▶ **WORK TO COMPLETE**:
Repeat exactly, and only, the lines below starting at the line that contains "راهنماي تعميرات پمپ کاوازاکي مدل HPV090" and ending at the line that contains "煙臺大型微波烘干設(shè)備廠家 大棗干燥殺蟲卵機 連續(xù)式紅棗烘干除濕脫水機", inclusive of both.

[Data items]
..............................

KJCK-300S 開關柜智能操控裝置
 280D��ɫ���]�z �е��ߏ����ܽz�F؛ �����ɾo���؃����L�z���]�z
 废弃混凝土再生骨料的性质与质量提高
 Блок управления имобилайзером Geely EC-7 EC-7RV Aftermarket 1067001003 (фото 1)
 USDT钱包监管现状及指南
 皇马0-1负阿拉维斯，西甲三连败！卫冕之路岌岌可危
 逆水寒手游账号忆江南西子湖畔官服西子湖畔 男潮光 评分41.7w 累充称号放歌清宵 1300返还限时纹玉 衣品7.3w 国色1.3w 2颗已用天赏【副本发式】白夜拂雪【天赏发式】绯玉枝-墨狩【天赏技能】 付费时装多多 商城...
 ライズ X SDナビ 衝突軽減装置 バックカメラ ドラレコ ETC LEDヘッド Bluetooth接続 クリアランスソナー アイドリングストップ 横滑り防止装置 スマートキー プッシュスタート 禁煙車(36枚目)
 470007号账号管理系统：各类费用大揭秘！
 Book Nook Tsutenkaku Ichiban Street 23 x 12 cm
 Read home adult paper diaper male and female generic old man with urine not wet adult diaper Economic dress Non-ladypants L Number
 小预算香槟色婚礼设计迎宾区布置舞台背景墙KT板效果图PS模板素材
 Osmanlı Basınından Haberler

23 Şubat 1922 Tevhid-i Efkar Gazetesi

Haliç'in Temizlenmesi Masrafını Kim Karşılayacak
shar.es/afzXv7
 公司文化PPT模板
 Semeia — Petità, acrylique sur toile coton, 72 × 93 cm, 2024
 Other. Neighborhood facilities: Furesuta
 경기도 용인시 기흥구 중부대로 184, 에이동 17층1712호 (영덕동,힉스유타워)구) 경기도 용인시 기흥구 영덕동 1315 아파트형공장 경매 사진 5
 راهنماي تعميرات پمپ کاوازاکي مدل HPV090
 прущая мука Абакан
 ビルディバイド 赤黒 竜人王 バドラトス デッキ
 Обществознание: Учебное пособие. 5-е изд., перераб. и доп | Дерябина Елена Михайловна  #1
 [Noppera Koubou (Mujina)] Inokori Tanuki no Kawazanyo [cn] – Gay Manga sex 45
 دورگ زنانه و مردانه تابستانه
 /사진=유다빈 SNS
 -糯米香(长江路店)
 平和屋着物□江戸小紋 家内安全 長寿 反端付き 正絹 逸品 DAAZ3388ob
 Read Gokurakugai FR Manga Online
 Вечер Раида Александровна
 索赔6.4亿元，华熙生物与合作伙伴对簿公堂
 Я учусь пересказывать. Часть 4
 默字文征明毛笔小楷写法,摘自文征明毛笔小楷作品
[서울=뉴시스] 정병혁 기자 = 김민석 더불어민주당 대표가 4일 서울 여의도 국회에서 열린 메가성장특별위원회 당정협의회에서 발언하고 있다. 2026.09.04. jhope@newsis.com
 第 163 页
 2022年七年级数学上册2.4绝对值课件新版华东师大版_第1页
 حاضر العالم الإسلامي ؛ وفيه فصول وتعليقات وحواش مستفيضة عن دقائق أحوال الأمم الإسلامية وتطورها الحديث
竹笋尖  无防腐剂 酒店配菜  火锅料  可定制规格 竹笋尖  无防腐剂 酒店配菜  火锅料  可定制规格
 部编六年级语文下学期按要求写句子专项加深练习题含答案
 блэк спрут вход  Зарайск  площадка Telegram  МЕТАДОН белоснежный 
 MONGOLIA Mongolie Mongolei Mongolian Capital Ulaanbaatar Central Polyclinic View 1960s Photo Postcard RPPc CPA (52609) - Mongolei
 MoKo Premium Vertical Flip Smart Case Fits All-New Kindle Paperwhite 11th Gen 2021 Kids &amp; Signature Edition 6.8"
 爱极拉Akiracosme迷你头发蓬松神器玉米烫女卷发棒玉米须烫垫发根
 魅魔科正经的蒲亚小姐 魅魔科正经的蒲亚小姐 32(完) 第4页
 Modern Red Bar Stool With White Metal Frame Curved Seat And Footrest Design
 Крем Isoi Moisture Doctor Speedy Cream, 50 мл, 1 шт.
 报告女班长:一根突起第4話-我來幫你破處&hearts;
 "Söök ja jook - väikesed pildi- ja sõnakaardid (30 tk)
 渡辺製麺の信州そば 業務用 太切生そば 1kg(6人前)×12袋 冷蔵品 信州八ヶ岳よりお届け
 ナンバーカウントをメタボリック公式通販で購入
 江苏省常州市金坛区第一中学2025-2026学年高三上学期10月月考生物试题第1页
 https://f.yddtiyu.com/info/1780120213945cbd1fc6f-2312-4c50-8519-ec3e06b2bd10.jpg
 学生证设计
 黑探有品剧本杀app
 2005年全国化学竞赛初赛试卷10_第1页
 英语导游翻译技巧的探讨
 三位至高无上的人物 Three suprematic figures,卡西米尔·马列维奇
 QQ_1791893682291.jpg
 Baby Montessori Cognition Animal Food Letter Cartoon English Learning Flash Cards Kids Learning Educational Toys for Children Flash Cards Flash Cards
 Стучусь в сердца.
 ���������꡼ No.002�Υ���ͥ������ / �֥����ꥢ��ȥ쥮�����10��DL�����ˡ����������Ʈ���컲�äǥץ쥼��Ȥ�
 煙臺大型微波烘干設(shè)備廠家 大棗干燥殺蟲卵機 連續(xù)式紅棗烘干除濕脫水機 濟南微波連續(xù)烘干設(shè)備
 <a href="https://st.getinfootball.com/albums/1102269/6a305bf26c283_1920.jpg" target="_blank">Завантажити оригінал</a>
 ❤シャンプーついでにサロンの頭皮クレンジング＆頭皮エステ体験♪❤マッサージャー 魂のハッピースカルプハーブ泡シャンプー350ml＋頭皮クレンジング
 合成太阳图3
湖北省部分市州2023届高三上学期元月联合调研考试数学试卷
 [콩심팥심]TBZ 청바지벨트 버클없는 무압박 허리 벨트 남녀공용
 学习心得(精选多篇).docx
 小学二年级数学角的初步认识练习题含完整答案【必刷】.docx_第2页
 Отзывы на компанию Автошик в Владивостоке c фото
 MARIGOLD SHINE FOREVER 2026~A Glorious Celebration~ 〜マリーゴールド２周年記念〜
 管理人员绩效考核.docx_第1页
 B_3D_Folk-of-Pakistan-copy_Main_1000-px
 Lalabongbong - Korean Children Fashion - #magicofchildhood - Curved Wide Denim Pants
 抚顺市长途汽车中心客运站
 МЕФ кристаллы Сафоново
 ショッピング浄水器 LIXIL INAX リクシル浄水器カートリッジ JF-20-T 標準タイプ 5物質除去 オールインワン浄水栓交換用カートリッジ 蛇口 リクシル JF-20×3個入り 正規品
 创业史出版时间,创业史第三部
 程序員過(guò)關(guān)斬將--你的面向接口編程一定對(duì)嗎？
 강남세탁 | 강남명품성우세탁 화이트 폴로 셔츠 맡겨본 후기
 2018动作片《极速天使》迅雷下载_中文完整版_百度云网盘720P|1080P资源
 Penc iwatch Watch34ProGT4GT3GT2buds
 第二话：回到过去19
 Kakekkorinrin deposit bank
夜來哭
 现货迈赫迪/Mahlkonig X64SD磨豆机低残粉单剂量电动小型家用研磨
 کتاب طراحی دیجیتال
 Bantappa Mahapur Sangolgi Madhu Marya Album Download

..............................

▶ **ANSWER AREA**:
 راهنماي تعميرات پمپ کاوازاکي مدل HPV090
 прущая мука Абакан
 ビルディバイド 赤黒 竜人王 バドラトス デッキ
 Обществознание: Учебное пособие. 5-е изд., перераб. и доп | Дерябина Елена Михайловна  #1
 [Noppera Koubou (Mujina)] Inokori Tanuki no Kawazanyo [cn] – Gay Manga sex 45
 دورگ زنانه و مردانه تابستانه
 /사진=유다빈 SNS
 -糯米香(长江路店)
 平和屋着物□江戸小紋 家内安全 長寿 反端付き 正絹 逸品 DAAZ3388ob
 Read Gokurakugai FR Manga Online
 Вечер Раида Александровна
 索赔6.4亿元，华熙生物与合作伙伴对簿公堂
 Я учусь пересказывать. Часть 4
 默字文征明毛笔小楷写法,摘自文征明毛笔小楷作品
[서울=뉴시스] 정병혁 기자 = 김민석 더불어민주당 대표가 4일 서울 여의도 국회에서 열린 메가성장특별위원회 당정협의회에서 발언하고 있다. 2026.09.04. jhope@newsis.com
 第 163 页
 2022年七年级数学上册2.4绝对值课件新版华东师大版_第1页
 حاضر العالم الإسلامي ؛ وفيه فصول وتعليقات وحواش مستفيضة عن دقائق أحوال الأمم الإسلامية وتطورها الحديث
竹笋尖  无防腐剂 酒店配菜  火锅料  可定制规格 竹笋尖  无防腐剂 酒店配菜  火锅料  可定制规格
 部编六年级语文下学期按要求写句子专项加深练习题含答案
 блэк спрут вход  Зарайск  площадка Telegram  МЕТАДОН белоснежный 
 MONGOLIA Mongolie Mongolei Mongolian Capital Ulaanbaatar Central Polyclinic View 1960s Photo Postcard RPPc CPA (52609) - Mongolei
 MoKo Premium Vertical Flip Smart Case Fits All-New Kindle Paperwhite 11th Gen 2021 Kids &amp; Signature Edition 6.8"
 爱极拉Akiracosme迷你头发蓬松神器玉米烫女卷发棒玉米须烫垫发根
 魅魔科正经的蒲亚小姐 魅魔科正经的蒲亚小姐 32(完) 第4页
 Modern Red Bar Stool With White Metal Frame Curved Seat And Footrest Design
 Крем Isoi Moisture Doctor Speedy Cream, 50 мл, 1 шт.
 报告女班长:一根突起第4話-我來幫你破處&hearts;
 "Söök ja jook - väikesed pildi- ja sõnakaardid (30 tk)
 渡辺製麺の信州そば 業務用 太切生そば 1kg(6人前)×12袋 冷蔵品 信州八ヶ岳よりお届け
 ナンバーカウントをメタボリック公式通販で購入
 江苏省常州市金坛区第一中学2025-2026学年高三上学期10月月考生物试题第1页
 https://f.yddtiyu.com/info/1780120213945cbd1fc6f-2312-4c50-8519-ec3e06b2bd10.jpg
 学生证设计
 黑探有品剧本杀app
 2005年全国化学竞赛初赛试卷10_第1页
 英语导游翻译技巧的探讨
 三位至高无上的人物 Three suprematic figures,卡西米尔·马列维奇
 QQ_1791893682291.jpg
 Baby Montessori Cognition Animal Food Letter Cartoon English Learning Flash Cards Kids Learning Educational Toys for Children Flash Cards Flash Cards
 Стучусь в сердца.
 ���������꡼ No.002�Υ���ͥ������ / �֥����ꥢ��ȥ쥮�����10��DL�����ˡ����������Ʈ���컲�äǥץ쥼��Ȥ�
 煙臺大型微波烘干設(shè)備廠家 大棗干燥殺蟲卵機 連續(xù)式紅棗烘干除濕脫水機 濟南微波連續(xù)烘干設(shè)備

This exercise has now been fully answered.